-- Data records follows --
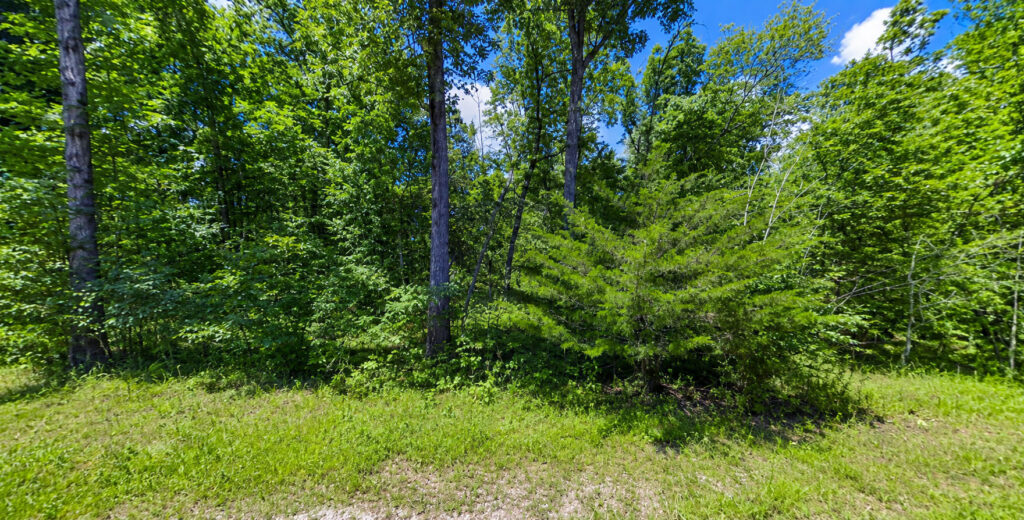 Resort Living at Seminole Tansi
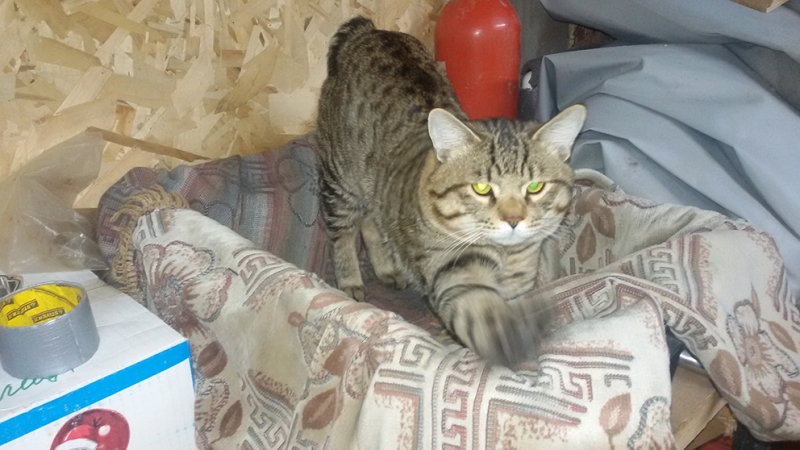 chak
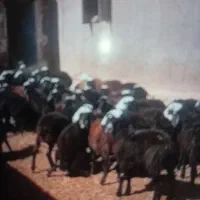 فروش بز ه بره نر برا پرواربندی|حیوانات مزرعه|اشتهارد, |دیوار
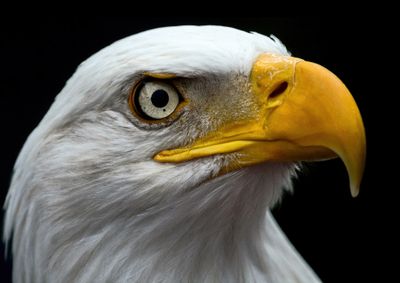 Eagles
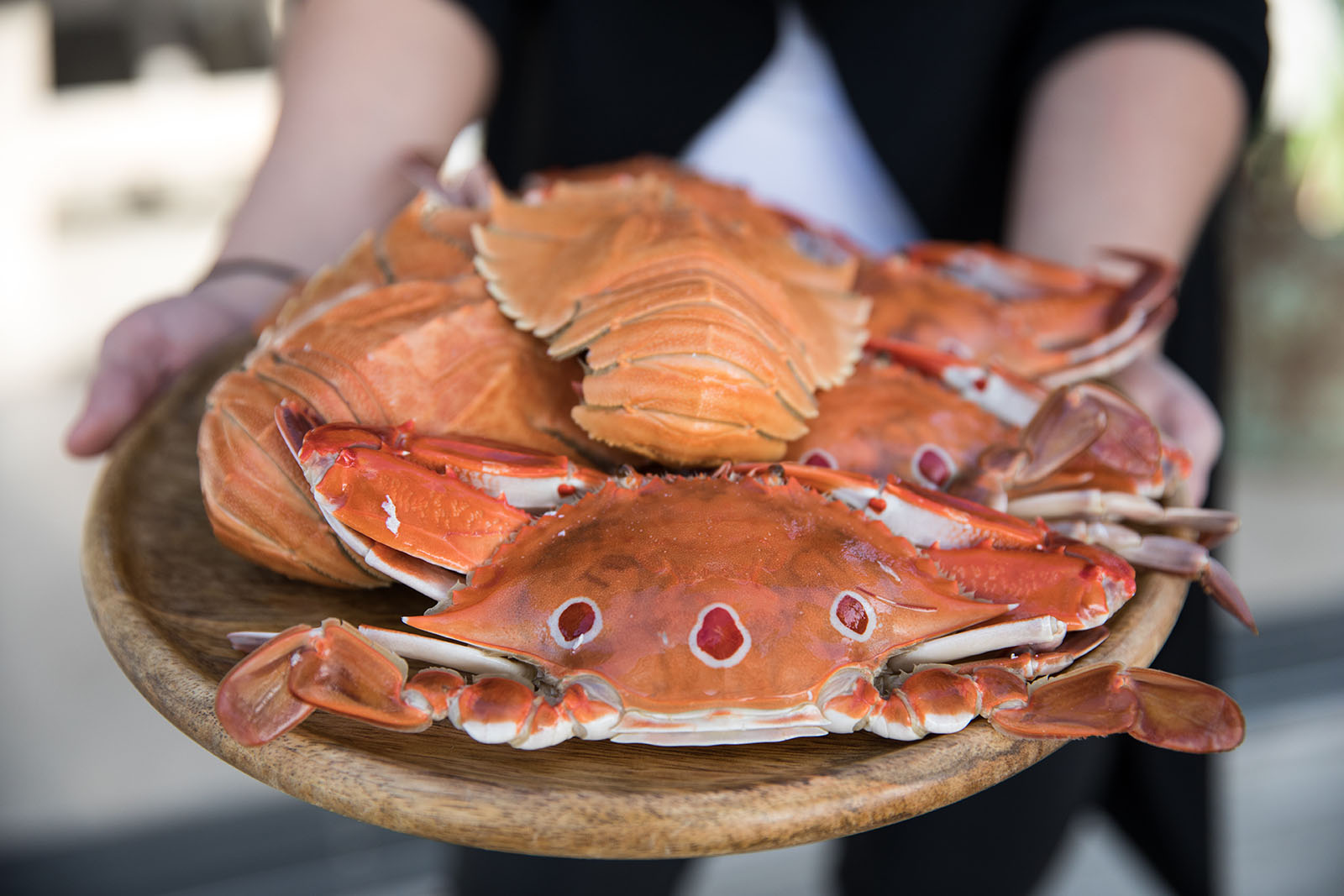 Moreton Bay Bugs Moreton Bay Bugs
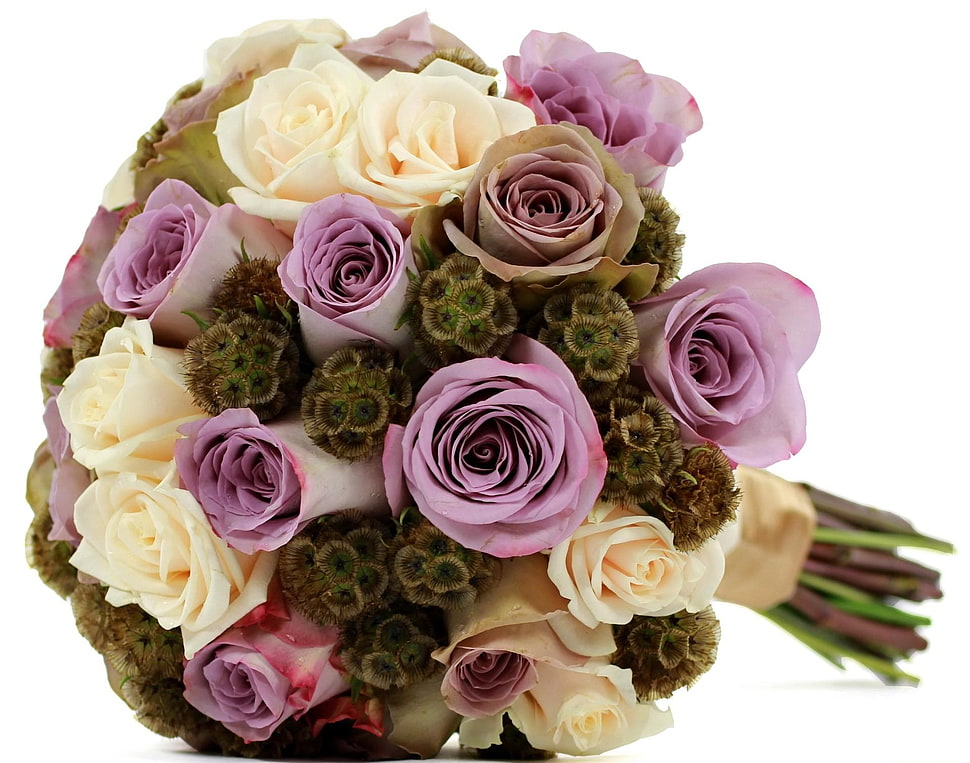 bouquet of white and purple roses HD wallpaper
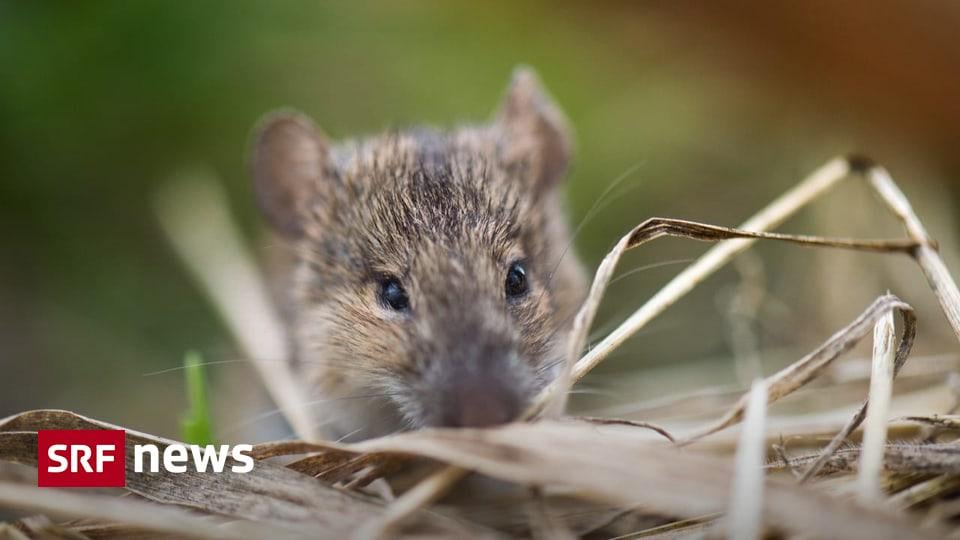 In some Swiss communities, mouse catchers still receive a small reward for each mouse tail they hand in. The tradition is old, but still alive in many places.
-- Data records concluded --
_Exercise_
Transcribe the records in full and exactly. Pictures stay out.

_Answer to the exercise_
 Resort Living at Seminole Tansi
 chak
 فروش بز ه بره نر برا پرواربندی|حیوانات مزرعه|اشتهارد, |دیوار
 Eagles
 Moreton Bay Bugs Moreton Bay Bugs
 bouquet of white and purple roses HD wallpaper
 In some Swiss communities, mouse catchers still receive a small reward for each mouse tail they hand in. The tradition is old, but still alive in many places.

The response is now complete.